→ YOUR GOAL: Each line of data below is to be returned exactly, leaving out any picture.

→ SOURCE DATA:
Start of Block

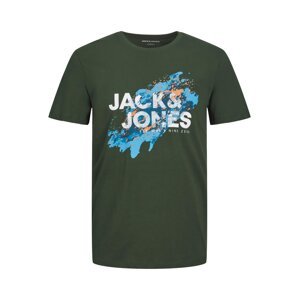 JACK & JONES Tričko 'Nelson'  svetlomodrá / zelená / oranžová / biela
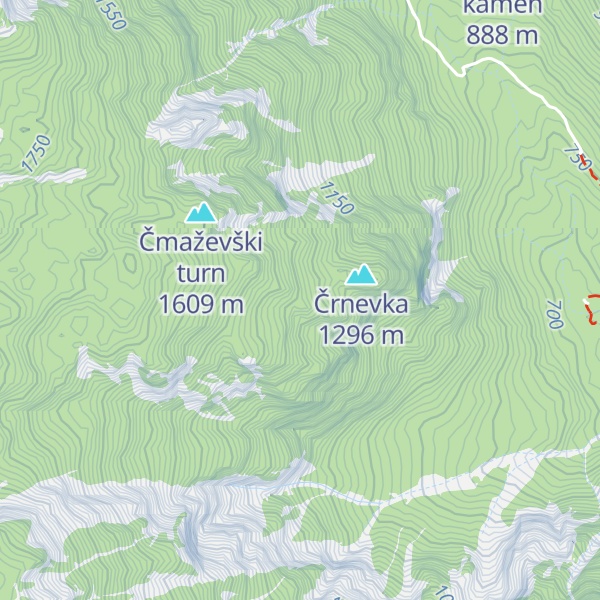 Map of Lovska koča Črnevka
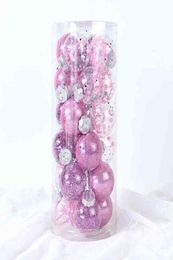 24 stuks 6 cm transparant glitter interieur kerstbal ornament kerstboom hangende decoratie kerst hanger cadeau Navidad 2022 L29353305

End of Block

→ RESULT:
 JACK & JONES Tričko 'Nelson'  svetlomodrá / zelená / oranžová / biela
 Map of Lovska koča Črnevka
 24 stuks 6 cm transparant glitter interieur kerstbal ornament kerstboom hangende decoratie kerst hanger cadeau Navidad 2022 L29353305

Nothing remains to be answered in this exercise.